Atwood Oceanics
Contractionnaire d’eaux profondes ancré à Houston, Atwood Oceanics a disparu en tant que marque côtée en 2017, absorbé par Ensco — aujourd’hui Valaris.
À propos de Atwood Oceanics
1. Modèle économique
L’activité d’Atwood, à l’époque de sa fusion avec Ensco, consistait à louer des plates-formes (notamment jack-up et flotte adaptée au profond) à des intégrés et E&P pour des programmes de forage, rémunérés sur la base des jours d’exploitation et des taux contractuels — le modèle classique d’un “rig provider” entièrement accroché au cycle pétro-gazier. Le groupe a été acquis en octobre 2017 : les actionnaires d’Atwood ont reçu 1,60 action Ensco pour une action Atwood, dans une opération d’où la société est sortie comme filiale. Depuis, la chaîne a encore consolidé : Ensco s’est notamment associé à Rowan avant de devenir Valaris, le véhicule dans lequel se lisent aujourd’hui les comptes agrégés.
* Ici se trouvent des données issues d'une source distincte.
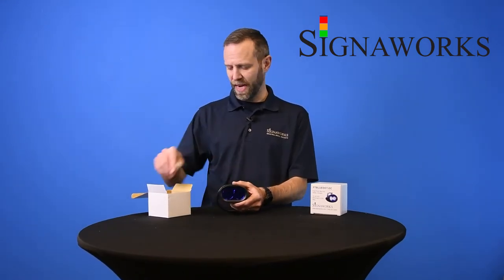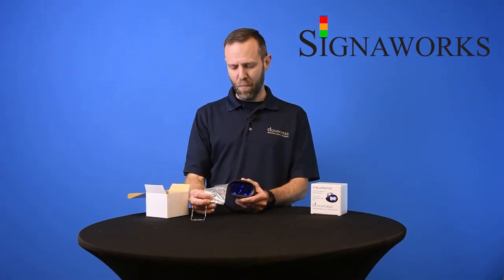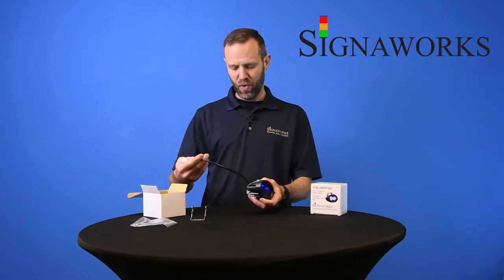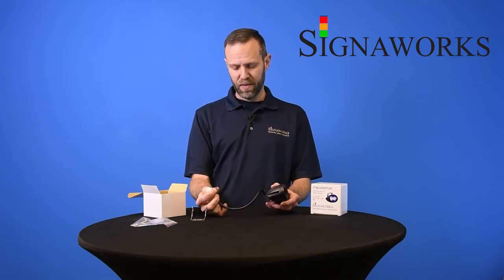In the box is, of course, the light. Then you have the mounting bracket for the unit and the mounting hardware and hinge hardware for attaching it. The unit wires up with two wires — just the positive and negative voltage wire.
Le communiqué de février 2026 prévoit le rachat de Valaris par Transocean pour environ 5,8 milliards de dollars d’échange d’actions, une capitalisation boursière qui fige l’enjeu : former un des tout premiers opérateurs mondiaux d’offshore drilling, avec 73 unités recensées dans l’annonce et un carnet de commandes combiné présenté autour de 10 milliards de dollars — ordre de grandeur, pas une mesure retraitée ici. Sur Valaris seul, le dépôt auprès de la SEC au 16 avril 2026 cite un résultat net 2025 de 979 millions de dollars et un EBITDA ajusté de 642 millions de dollars, signe d’un marché de la day-rate qui, après des années de vaches maigres, a retrouvé des marges, mais toujours sur la même ressource : l’hydrocarbure extrait en mer. Aucun effectif propre ni chiffre d’affaires isolé pour “Atwood” n’est plus publié : selon les éléments disponibles, toute lecture financière doit passer par Valaris puis, prochainement, l’entité Transocean/Valaris si l’opération se conclut.
2. Impact réel
L’impact climat d’un charpentier d’offshore n’est ni indirect ni “compensable” par un discours d’innovation : la combustion finale du pétrole ou du gaz foré est dans les scopes amont, mais l’empreinte directe des plates-formes — scope 1 — est déjà colossale. Le rapport de durabilité 2024 de Valaris indique des émissions de gaz à effet de serre de portée 1 à 766 180 tonnes d’équivalent CO₂ en 2024, en hausse d’environ 9 % sur un an, explication donnée : réactivation et déploiement de l’agressif. Pour les drillships, le même document donne une intensité de l’ordre de 118,4 tonnes d’équivalent CO₂ par jour d’opération — chiffre utile pour comparer à toute feuille de route publique, mais qui situe le métier très au-dessus des dynamiques d’infrastructures bas-carbone. Côté France, le cadre de la PPE3 fixe des trajectoires de sortie des énergies fossiles cohérentes avec la baisse de la consommation ; la fiche pédagogique sur le gaz naturel de Connaissance des Énergies rappelle, dans l’esprit pédagogique, le poids des filières fossiles, ce qui sert ici d’écran de lecture : un parc d’ultra-profond n’est pas le prolongement d’une politique d’infrastructure “verte”, c’est l’amont d’hydrocarbures pour les marchés mondiaux. Un lien indirect avec des travaux de reconverting puits en Europe apparaît dans le programme PETROVAL, documenté par le BRGM (potentiel géothermique d’anciens puits) — loin du métier d’Atwood/Valaris, mais utile pour rappeler le décrochage attendu, en France, entre forage fossile et reconversion territoriale.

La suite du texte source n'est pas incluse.